• _INSTRUCTIONS TO FOLLOW_
Emit a verbatim copy of the lines below from the line with "Ripped hero, shirtless" through the line with "Macaquinho babado xadrez new", excluding pictures and everything outside that range.

• _SUPPLIED RECORDS_
+ + + +
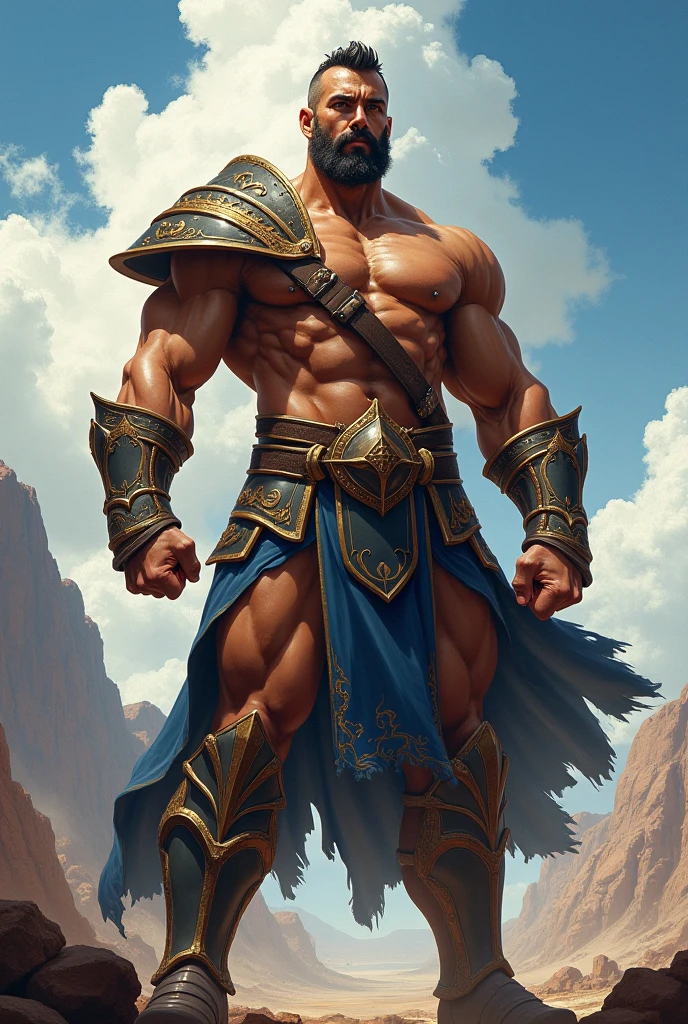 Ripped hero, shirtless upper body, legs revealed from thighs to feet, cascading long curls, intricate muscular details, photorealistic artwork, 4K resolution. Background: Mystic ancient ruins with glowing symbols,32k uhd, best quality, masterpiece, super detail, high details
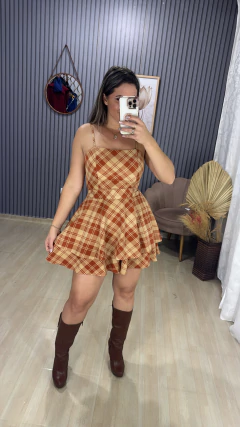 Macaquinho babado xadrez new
+ + + +
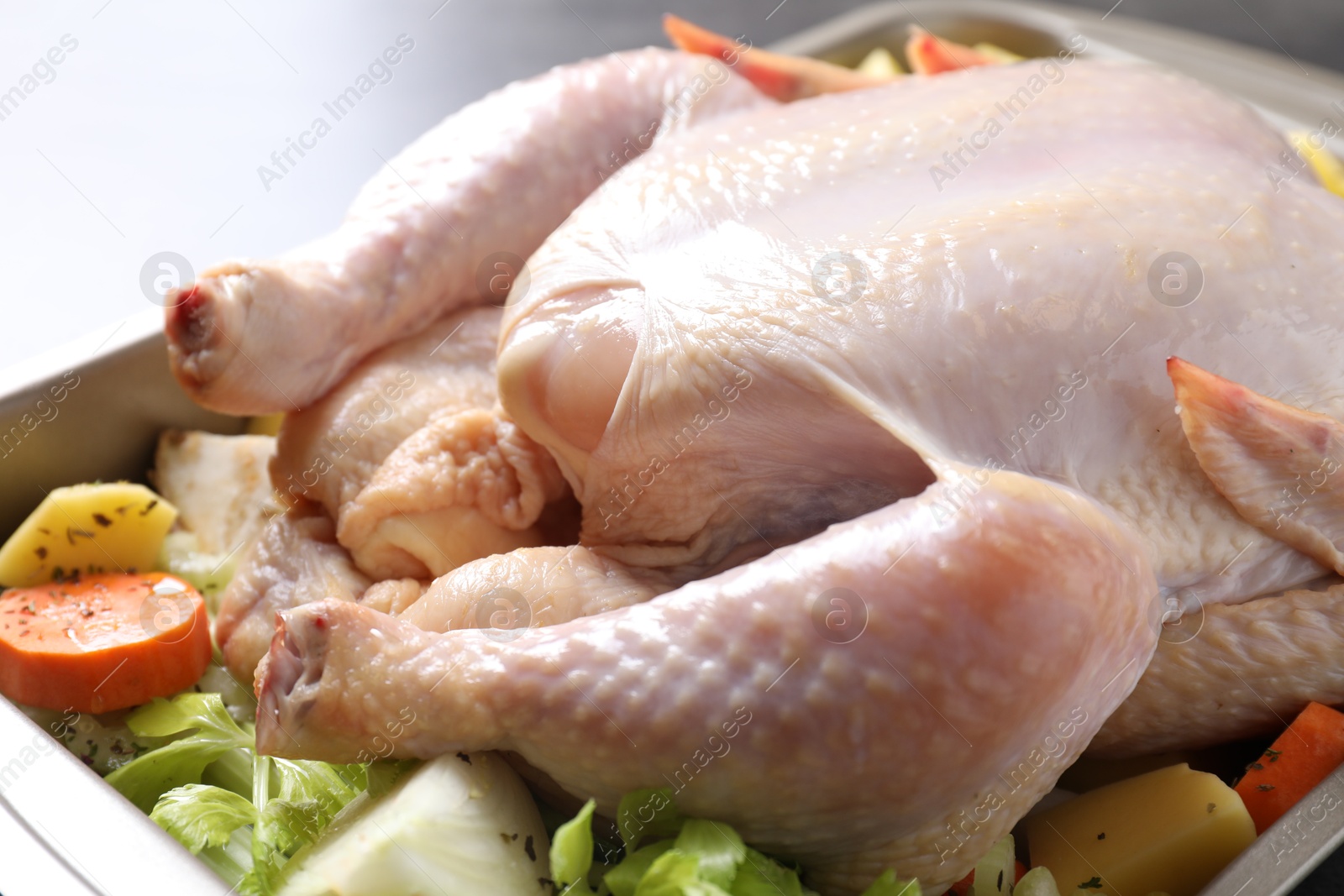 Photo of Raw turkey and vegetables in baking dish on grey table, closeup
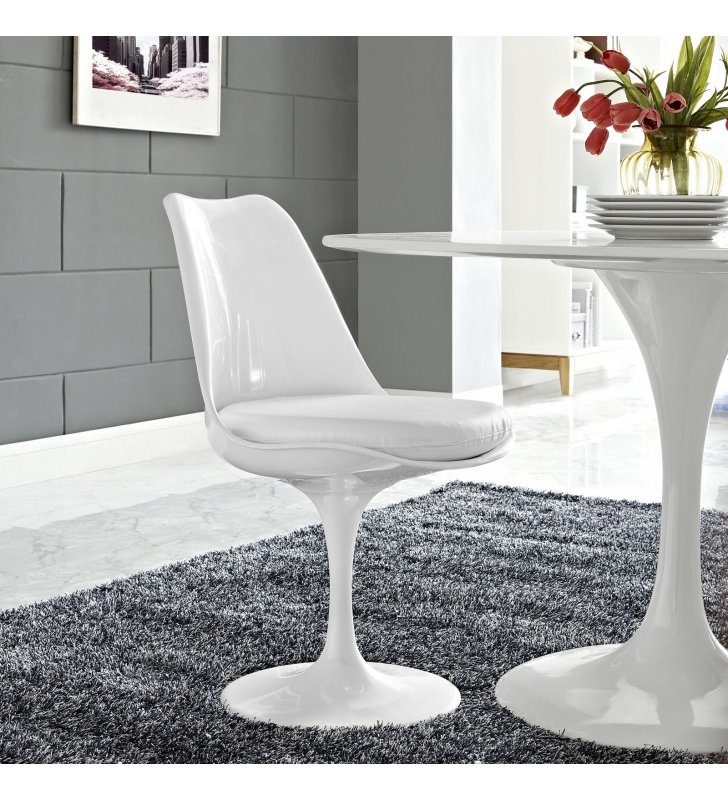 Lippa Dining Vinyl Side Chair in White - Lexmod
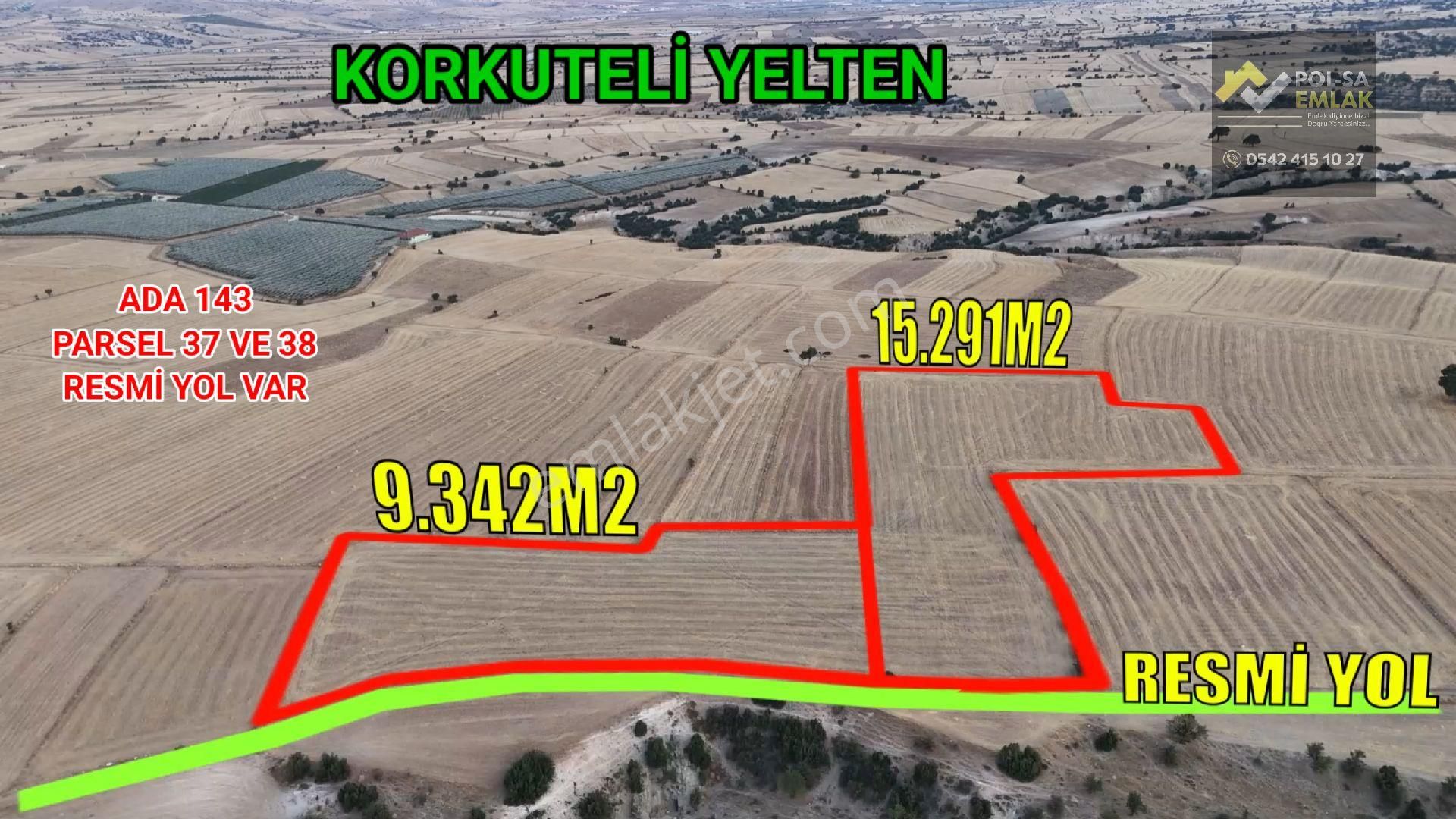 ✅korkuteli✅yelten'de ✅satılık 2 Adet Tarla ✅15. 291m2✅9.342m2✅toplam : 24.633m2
+ + + +
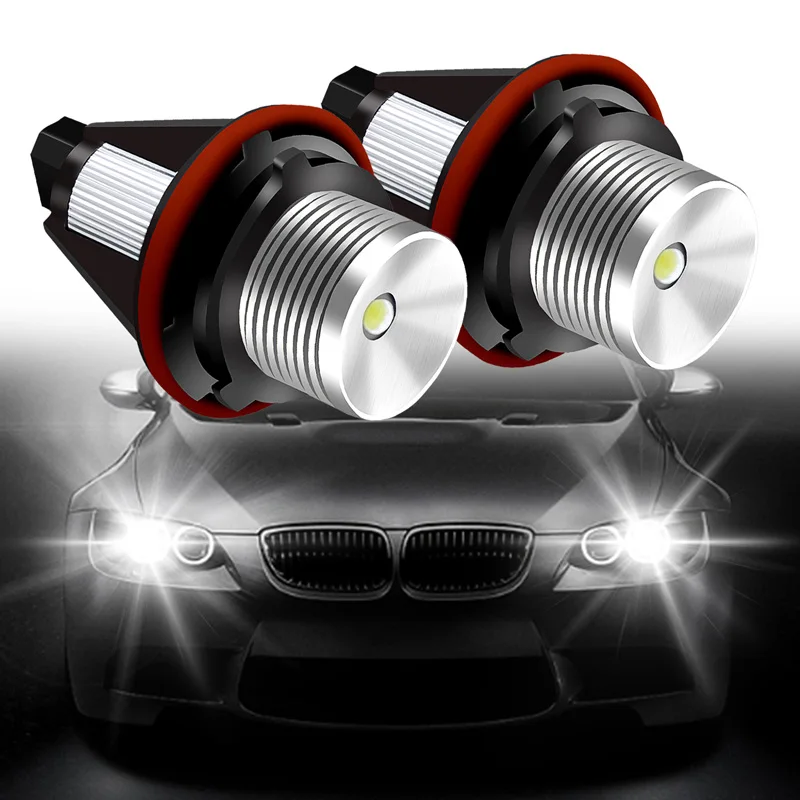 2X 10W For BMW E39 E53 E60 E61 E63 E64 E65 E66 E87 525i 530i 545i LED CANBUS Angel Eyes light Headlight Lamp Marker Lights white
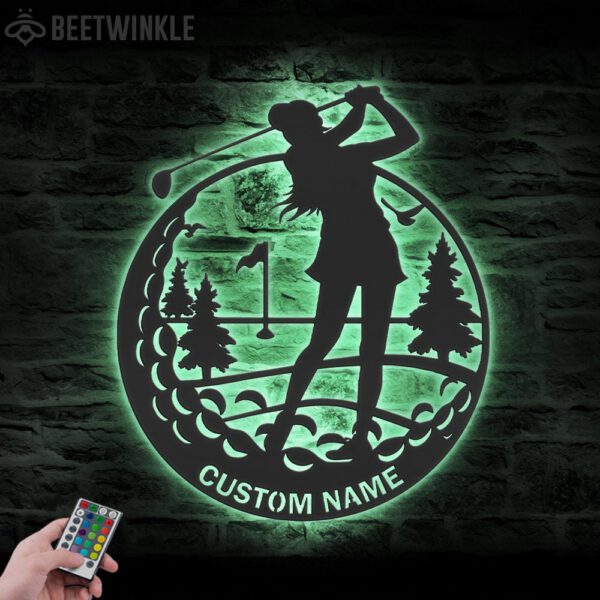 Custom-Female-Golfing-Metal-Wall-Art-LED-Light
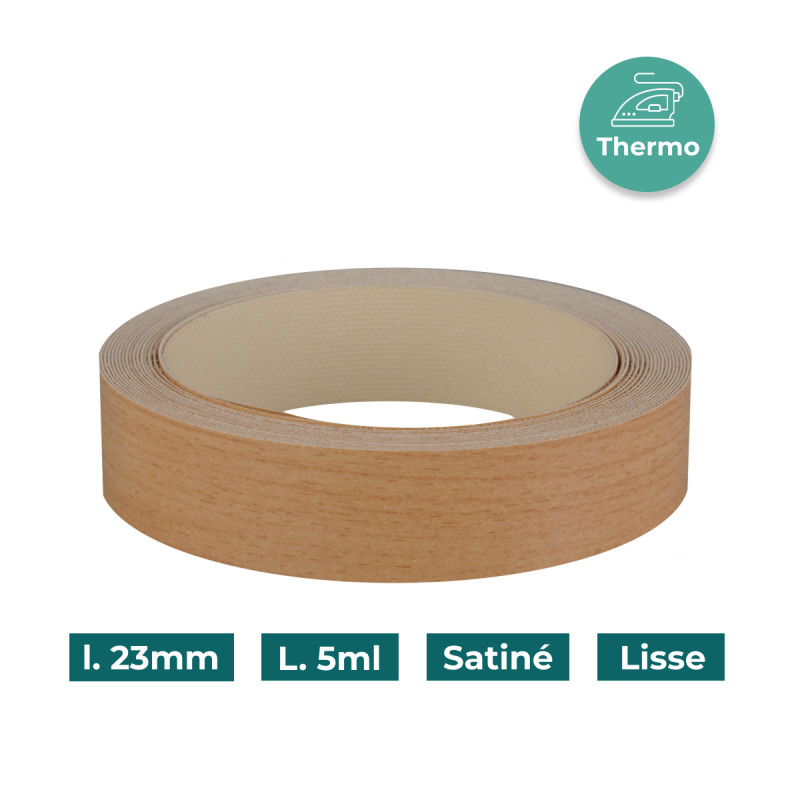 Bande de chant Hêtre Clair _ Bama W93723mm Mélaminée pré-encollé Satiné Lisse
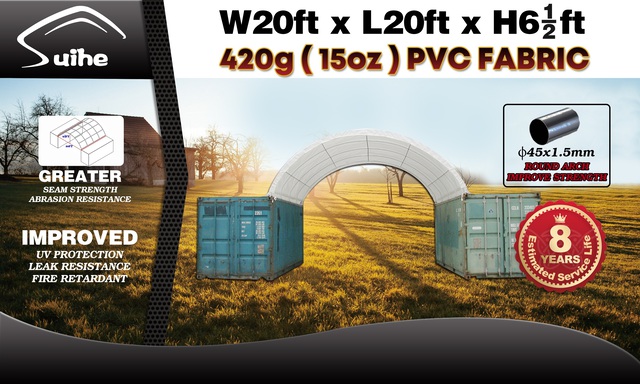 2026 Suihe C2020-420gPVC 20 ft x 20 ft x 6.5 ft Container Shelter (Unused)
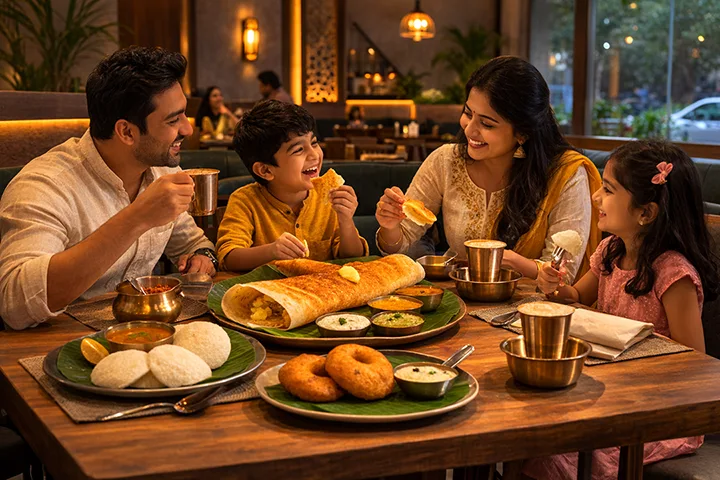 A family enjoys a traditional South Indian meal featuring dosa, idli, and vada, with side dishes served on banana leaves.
+ + + +
• _RESPONSE AREA_
 Ripped hero, shirtless upper body, legs revealed from thighs to feet, cascading long curls, intricate muscular details, photorealistic artwork, 4K resolution. Background: Mystic ancient ruins with glowing symbols,32k uhd, best quality, masterpiece, super detail, high details
 Macaquinho babado xadrez new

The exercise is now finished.